The fact is that the gods did not ward off the evils which pagans dread, even at a time when they were freely worshiped. At various times and in different places before the coming of our Redeemer, calamities beyond counting and description were scourging mankind. Yet, what others besides your recreant gods did the world worship? I except, of course, the Hebrew nation, and a few individuals beyond its pale, wherever by God’s grace and His secret and righteous judgment they were found worthy.

Not to enlarge too much, I shall say nothing of the dreadful afflictions which other people have everywhere suffered. Confining myself to Rome alone and to the Roman Empire, that is, to the city itself and to the people linked with it either by alliance or by subjection, I shall speak of the visitations they experienced before the coming of Christ, but after their incorporation into the Roman body politic.

Chapter 2

To begin with, there is the case of Troy, or Ilium, the cradle of the Roman people. Though I alluded to this in the first Book, I must not omit it or ignore it here. Troy had and worshiped the Roman gods. Why, then, was it conquered, captured, and destroyed by the Greeks? Pagans, of course, will reply that Priam had to pay the price for his father Laomedon’s perjury. If so, Apollo and Neptune must have given mercenary aid to Laomedon. He pledged them pay, so it is said, and then went back on his word. That is most remarkable! To think that Apollo, who is called the Seer, should engage in so vast a venture and not know that Laomedon would default in his promise! Nor does it reflect credit on Neptune himself, his uncle, Jupiter’s brother, and King of the Sea, to have been in the dark about the future. Yet, Homer, the poet who is said to have lived before Rome’s foundation, represents this divinity to us as uttering a momentous prophecy about the race of Aeneas, whose progeny founded Rome, and whom Neptune, as Homer tells us, snatched up in a cloud to save him from the murderous sword of Achilles, although, as Virgil avows,

All his will was to destroy
His own creation, perjured Troy.

So, we have the spectacle of two mighty divinities, Neptune and Apollo, unable to tell that Laomedon was going to cheat them of their pay, building up the walls of Troy—and all for nothing but ingratitude. Pagans should reflect whether it is really not more criminal to believe in such gods than to violate one’s oath to them.

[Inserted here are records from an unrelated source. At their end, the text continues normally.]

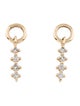 Mejuri 14K Diamond Icicle Hoop Charms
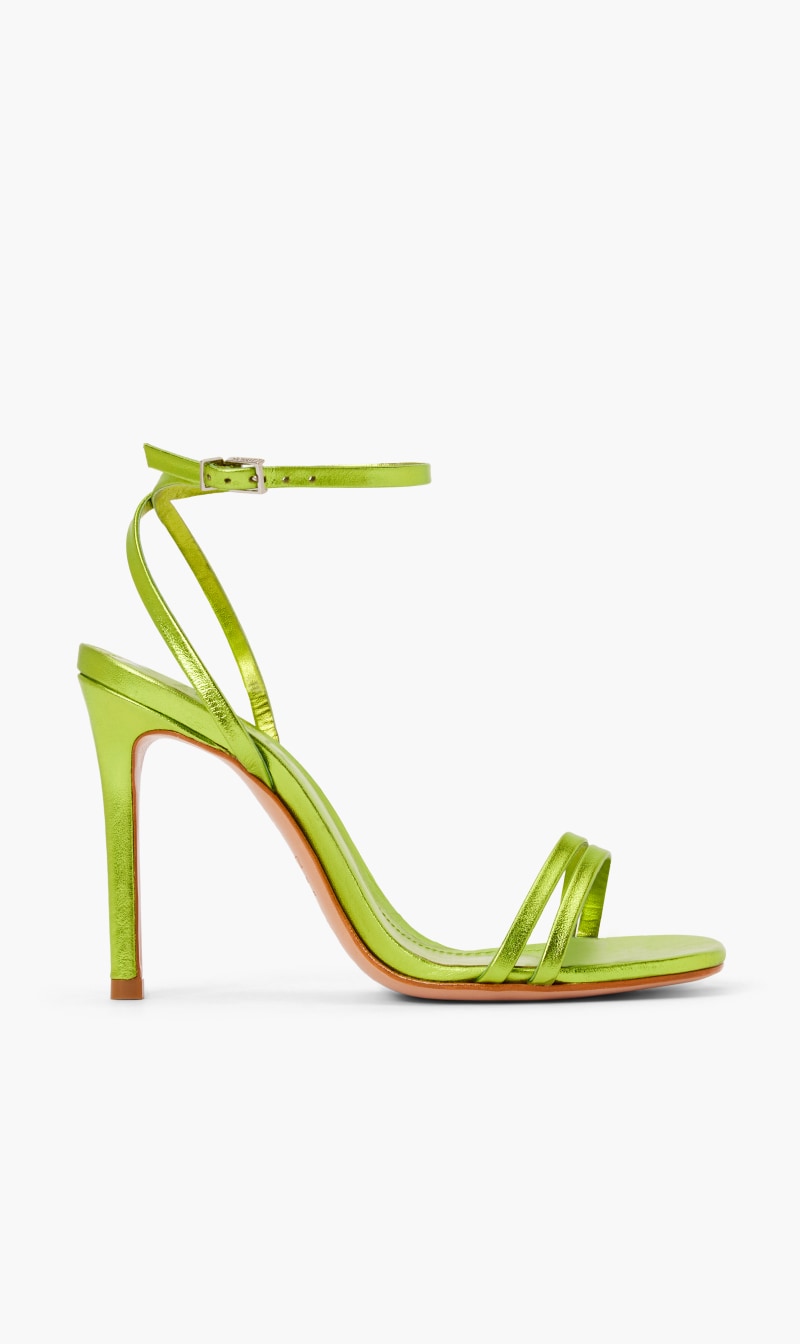 

Schutz Green Metalic Napa Bright Leaf for Women | The Deal Outlet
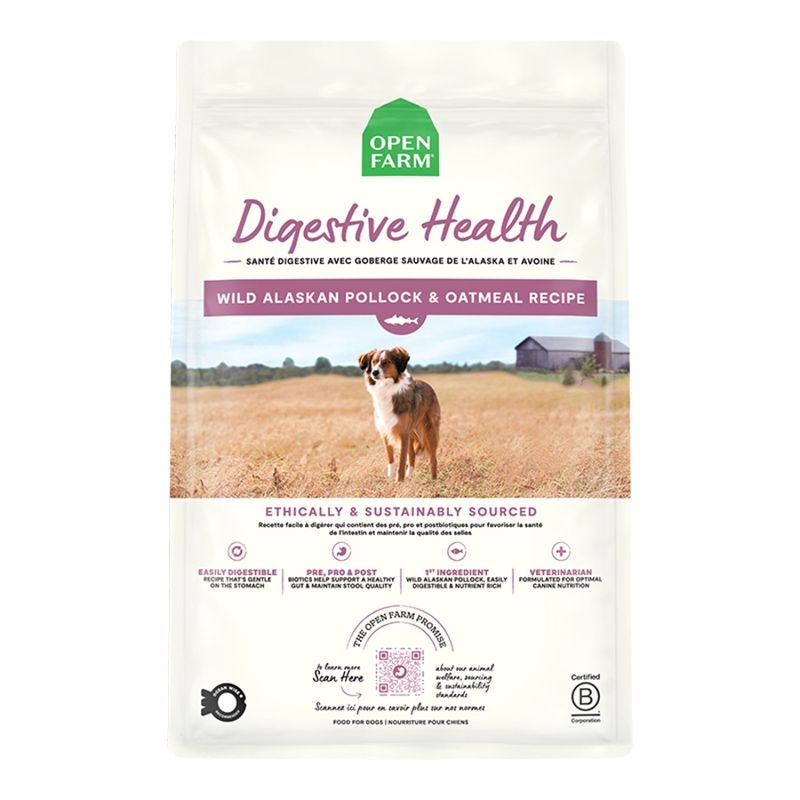 OPENFARM DOG DIGESTIVE HEALTH POLLOCK &amp; OATMEAL 4LB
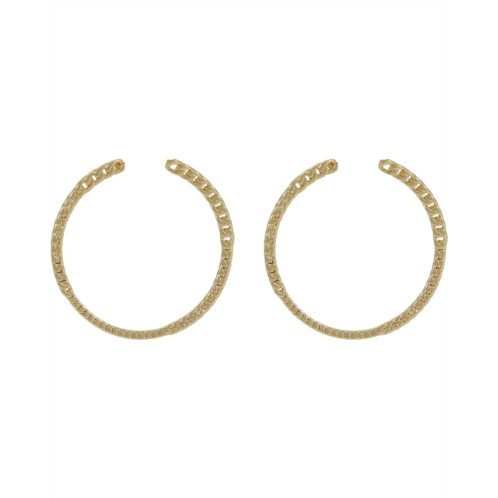 Front Row Curb Chain Earrings 32846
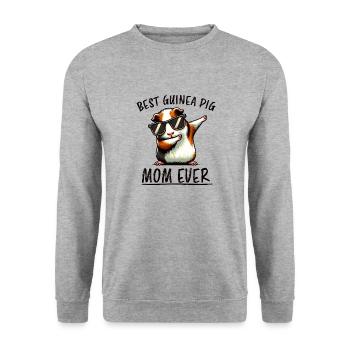 Dicton de cochon d’Inde, Cadeau de cochon d’Inde - Sweat-shirt Unisexe - gris chiné - Devant - Alina (178cm) & Michal (187cm)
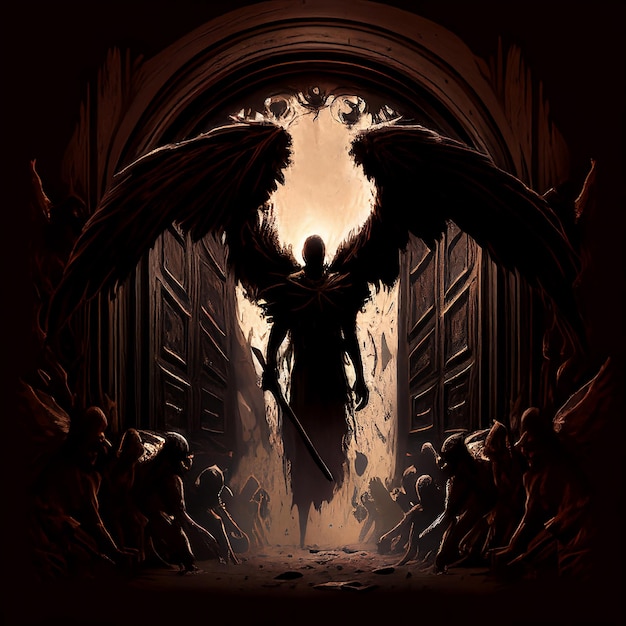 Photo angel of death digital illustration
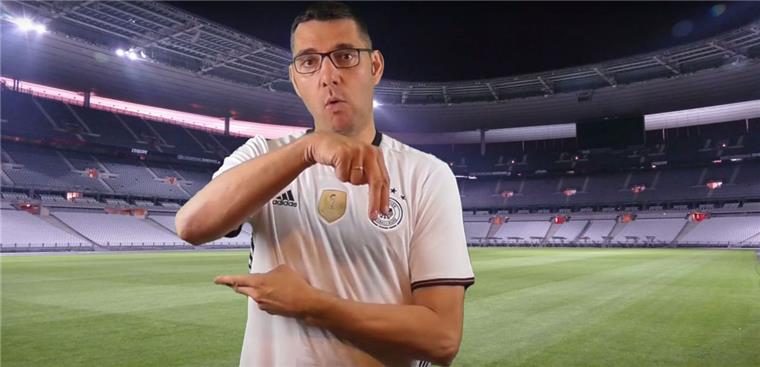 Ohne Worte: Torjubel zur Fußball EM in Gebärdensprache So sieht das Wort Foul in Gebärdensprache aus.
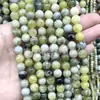 Cuentas de jade Flor Rusa natural para pulsera DIY, cuentas para pulsera, cuentas sueltas de jade Flor Rusa, joyería, productos semiacabados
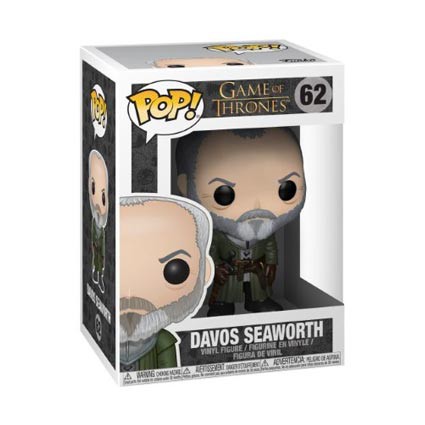 GAME OF THRONES DAVOS SEAWORTH 3.75" POP VINYL FIGURE FUNKO 62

Homer himself has not given easy credence to the fable, for, while on the one hand he represents Neptune battling against the Trojans, on the other he has Apollo fighting for them, in spite of the fact that, as the fable runs, both took offense at the perjury. Hence, if they so swallow the fables, they should blush for worshiping that sort of deities; if they do not swallow them, then they should not appeal to the Trojans’ perjury, or should at least find it strange that the gods should punish perjury on the part of the Trojans and welcome it with pleasure on the part of the Romans.

How could it possibly happen that, ‘in a state so great and so sunk in corruption,’ Catiline’s conspiracy could count a large number of those ‘who made their living by hand and tongue plying perjury and murder of their fellow citizens’? How else can you explain the fact that bribery so often stole the decisions of Senators, and so often the vote of the citizens, both at the polls and in certain cases that were tried before them in public assemblies, except that they, too, resorted to the crime of perjury? For, even when, amid the general let-down of morals, the ancient custom of taking oath was retained, that was not to restrain people from wrong-doing through religious awe, but in order to add perjury to their other crimes.